Endonezya’da kadınlardan süpürgeli protesto: 'Baskıyı süpürün'

Endonezya’nın başkenti Cakarta’da çarşamba günü yüzlerce kadın, milletvekillerinin ayrıcalıklarını ve polis şiddetini protesto etmek için sokaklara çıktı.
Ellerinde süpürgeler taşıyan kadınlar, bu sembolün 'devletin pisliklerini ve güvenlik güçlerinin baskıcı tutumunu süpürmek' anlamına geldiğini söyledi. Protestonun organizatörü Endonezya Kadınlar İttifakı, kadınların ayrıca 'polis reformu yapın' ve 'tatlı vaatleriniz şeker hastalığı yapıyor' yazılı pankartlar taşıdığını aktardı.
Geçtiğimiz hafta başlayan ve ülke geneline yayılan gösteriler, perşembe gecesi bir polis aracının bir motosikletli taksi şoförüne çarpıp öldürmesinin ardından büyüdü. Hak örgütlerine göre şimdiye kadar en az 10 kişi hayatını kaybetti. Polis ise eylemlere göz yaşartıcı gaz ve plastik mermilerle müdahale etti.

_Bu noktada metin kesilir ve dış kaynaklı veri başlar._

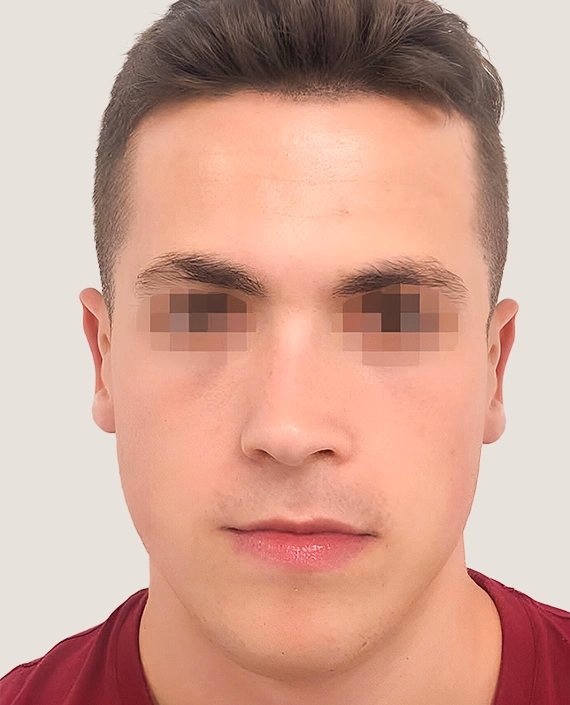 Después de Otoplastia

Kadınlar İttifakı daha önce pazartesi günü için planlanan bir gösteriyi, olası şiddetli müdahale riski nedeniyle iptal etmişti. Göstericilerden 30 yaşındaki Rizky Ananda, “Eylemlerin çoğu barışçıl. Hükümet protestoları ihanetle eş tutuyorsa bu sorgulanmalı,” dedi.
Devlet Başkanı Prabowo Subianto, güvenlik güçlerinin 'şiddet yanlısı kalabalıklara' karşı sert duracağını, bazı olayların ise 'terörizm ve ihanet izleri taşıdığını' öne sürdü. Çarşamba günü Çin’de düzenlenen askeri geçit törenine katılan Prabowo, ofisinin açıklamasına göre, Endonezya’da 'normalleşme işaretleri' görüldüğü için bu ziyareti gerçekleştirdi.

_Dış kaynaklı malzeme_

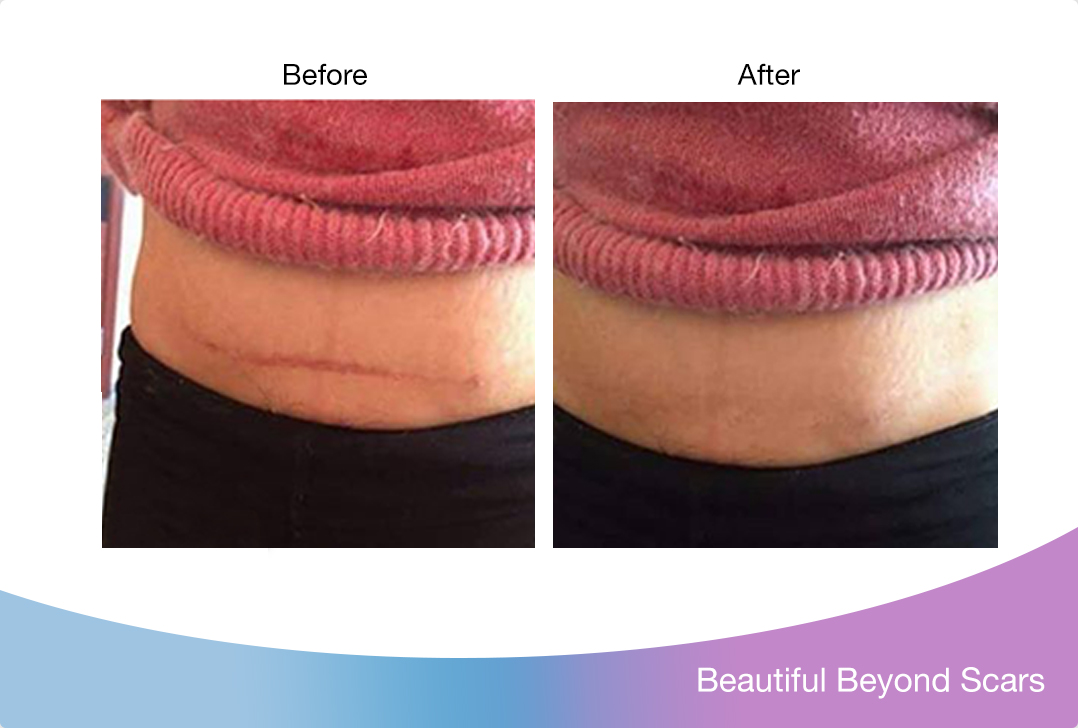 my scar is now virtually impossible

Öğrenciler ise gözaltındaki göstericilerin serbest bırakılmasını, polis şiddetinin bağımsız bir tarafça soruşturulmasını ve parlamenterlerin ayrıcalıklarının gözden geçirilmesini talep ediyor. Endonezya Üniversitesi Öğrenci Birliği Başkanı Agus Setiawan, “Her seçimde bizden faydalanıyorlar ama kazandıktan sonra unutuluyoruz,” diyerek tepkisini dile getirdi.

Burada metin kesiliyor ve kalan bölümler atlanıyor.